One of the reasons Mayor John Hickenlooper has a high approval rating is he’s accessible.
Want him to speak at a community center opening? He’s there.
A meeting with business owners? What time?
If he can wedge it into his schedule, he’ll be there, with that upbeat attitude.
So it was no surprise he attended a breakfast fundraiser Friday for El Centro Humanitario Para los Trabajadores, a day-labor center.
But he never thought he’d get surrounded by Minutemen.
Twenty men who oppose illegal immigration arrived uninvited. Their leader, Robert Copley Jr., videotaped the event.
That video is on the websites of the Colorado Minutemen Project and the Colorado Alliance for Immigration Reform. Watching it, you have to wonder why they’d want to document their rude behavior.
One of them calls the mayor “Chickenlooper,” though not to his face.
With the video camera rolling, Minutemen encircled the mayor, hammering him with questions about Denver’s “sanctuary policies” toward illegal immigrants. The mayor spoke with them, answered their questions, then decided it was time to move on.
“I felt the conversation was over,” Hickenlooper recounted. “They weren’t saying anything new.”
Hickenlooper said it was the third such encounter he’s had with members of this group. They ambushed him at a public meeting this year and again after his State of the City address in July.
When Hickenlooper went back to his table to eat breakfast, several men followed him. One man hovered over the mayor. Finally, someone asked the men to leave the mayor alone.

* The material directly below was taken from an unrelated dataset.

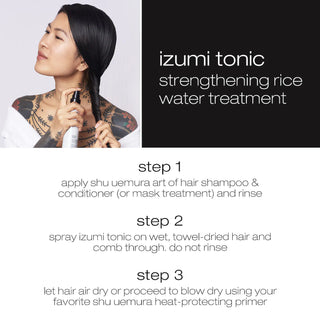 Izumi Tonic Strengthening Rice Water Treatment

“They were in his face,” said Paul
López, an organizer for the Service Employees International Union. “They weren’t respecting his space. It was an attempt to try and intimidate him.”
The mayor said he didn’t feel like he was being harassed, but he was slightly annoyed by one man who poked him in the chest. “It was light, but most people don’t like to be poked,” he said.
The Minutemen accomplished little more than spooking some of the 160 people who attended and raised $19,000 to refurbish the center’s building, said executive director Minsun Ji.
People come to the center looking for work, Ji said. While they wait, many take morning English classes.
Copley, a 42-year-old bail enforcer who lives in Lakewood and co-founded the Colorado Minutemen, said he’s exercising his right to pressure elected officials to enforce the law.
He feels so strongly about the issue that in April he spent two weeks in Naco, Ariz., with other Minutemen to patrol the border with Mexico.
Copley said he carried his Colt .45 with him, as well as a pocket knife and “other weapons” to protect himself, adding that he relies more on self-defense training.
He said his group in Naco found 50 people sneaking into the U.S. and reported them to the U.S. Border Patrol.
Copley realizes he isn’t getting anywhere asking the mayor to get Denver police to arrest undocumented people.
(Hickenlooper says Denver police are underfunded and need to focus on their job, not the job of federal immigration officers.)
Copley and other anti-illegal immigrant folks were unable to persuade Gov. Bill Owens to create holding areas (critics called them internment camps) for illegal immigrants.
But Copley and his group aren’t giving up. These days, he’s surveilling the day-labor center, though he won’t say why.
“I’ve been checking it out for three months,” Copley told me.
Expect more videos on his website, proof of all kinds of dastardly things, like immigrants seeking work and learning English.